Les responsables affirment que les entreprises devraient bénéficier d’un soutien financier dans les deux prochains mois, même si la rapidité des versements dépendra des gouvernements nationaux.
Des règles visant à uniformiser les règles du jeu
Les règles de l’UE en matière d’aides d’État empêchent généralement les autorités publiques nationales d’accorder des subventions, des prêts ou des allègements fiscaux à des entreprises particulières lorsque cela pourrait fausser la concurrence. L’objectif est de garantir des conditions de concurrence équitables entre les pays de l’UE.

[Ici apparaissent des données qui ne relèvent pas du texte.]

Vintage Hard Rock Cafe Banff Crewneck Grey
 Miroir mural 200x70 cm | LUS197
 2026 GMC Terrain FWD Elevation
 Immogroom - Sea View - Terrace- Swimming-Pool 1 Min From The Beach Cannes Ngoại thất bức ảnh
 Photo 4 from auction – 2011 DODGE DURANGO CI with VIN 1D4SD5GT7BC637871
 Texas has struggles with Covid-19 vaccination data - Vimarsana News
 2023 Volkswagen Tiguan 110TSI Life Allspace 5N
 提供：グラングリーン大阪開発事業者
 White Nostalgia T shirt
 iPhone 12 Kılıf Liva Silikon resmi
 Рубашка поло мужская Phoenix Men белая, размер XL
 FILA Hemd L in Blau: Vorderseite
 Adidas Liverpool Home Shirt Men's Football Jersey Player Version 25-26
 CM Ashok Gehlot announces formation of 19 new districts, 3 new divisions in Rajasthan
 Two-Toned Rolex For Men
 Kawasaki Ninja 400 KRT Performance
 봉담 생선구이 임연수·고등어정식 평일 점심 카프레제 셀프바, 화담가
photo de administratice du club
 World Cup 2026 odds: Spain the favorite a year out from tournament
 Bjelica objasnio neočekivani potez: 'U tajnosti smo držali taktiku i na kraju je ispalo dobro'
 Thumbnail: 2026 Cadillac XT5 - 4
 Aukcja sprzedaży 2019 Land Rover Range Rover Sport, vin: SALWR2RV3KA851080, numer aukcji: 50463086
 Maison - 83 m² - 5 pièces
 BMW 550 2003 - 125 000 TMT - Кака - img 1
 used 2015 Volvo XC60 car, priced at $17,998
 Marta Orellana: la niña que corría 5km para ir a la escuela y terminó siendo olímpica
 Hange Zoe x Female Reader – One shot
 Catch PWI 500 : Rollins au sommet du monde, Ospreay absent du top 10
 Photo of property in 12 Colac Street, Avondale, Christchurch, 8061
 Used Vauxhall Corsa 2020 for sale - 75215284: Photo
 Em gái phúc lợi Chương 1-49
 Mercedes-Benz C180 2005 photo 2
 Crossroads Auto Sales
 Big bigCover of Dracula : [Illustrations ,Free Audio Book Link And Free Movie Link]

Les nouvelles mesures, en vigueur jusqu’à fin décembre, permettront aux gouvernements d’intervenir avec des bouées de sauvetage financières telles que des subventions, des allègements fiscaux et des garanties soutenues par l’État, les bénéficiaires étant simplement tenus d’estimer les coûts plutôt que de fournir des preuves détaillées.
« Chaque bénéficiaire n’a pas besoin de fournir des reçus individuels de la station-service », a déclaré un responsable européen.
Certains craignent cependant que les nouvelles mesures autorisant l’intervention gouvernementale ne conduisent à une distorsion du marché européen : les critiques affirment que cela favorisera largement les grands États membres ayant la capacité fiscale d’aider leurs entreprises, notamment l’Allemagne.
L’Allemagne a été le principal bénéficiaire de l’assouplissement des règles de l’UE en matière d’aides d’État, représentant environ la moitié de toutes les aides approuvées depuis 2022, selon les données de la Commission. Rien qu’en 2022, il a alloué 73,67 milliards d’euros – soit environ un tiers du total de l’UE – et a maintenu des dépenses tout aussi élevées en 2023. Ce niveau de soutien dépasse de loin celui de la France et de l’Italie, suscitant des inquiétudes quant à une éventuelle course aux subventions dans l’ensemble de l’UE.
Ribera a déclaré que l’aide d’État ne peut être justifiée s’il n’y a pas de perturbation du marché à résoudre, et a ajouté que l’annonce d’aujourd’hui est une « réponse à ce qui a été demandé au plus haut niveau politique et de la part des capitales ».
Elle a ajouté que la crise et la flambée des prix du pétrole ont montré que la transition énergétique reste « la stratégie la plus efficace pour l’autonomie, la croissance et la résilience de l’Europe ».
« Néanmoins, les récentes flambées des prix de l’énergie nécessitent une réponse immédiate », a-t-elle déclaré, ajoutant que les nouvelles règles permettront des « solutions facilement applicables ».
Néanmoins, Greg Van Elsen, coordinateur principal de la politique industrielle à l’ONG Climate Action Network Europe, a suggéré que ces mesures pourraient stimuler une demande accrue de gaz naturel.
« Ces changements temporaires dans le cadre d’aides d’État à l’industrie propre risquent de dépenser des milliards pour subventionner les coûts des énergies fossiles au lieu d’accélérer la transition industrielle propre de l’Europe », a déclaré Van Elsen à L’Observatoire de l’Europe.
Il a suggéré que l’absence de conditions de décarbonation en faisait « une solution à court terme », plutôt qu’une solution structurelle pour les industries à forte intensité énergétique.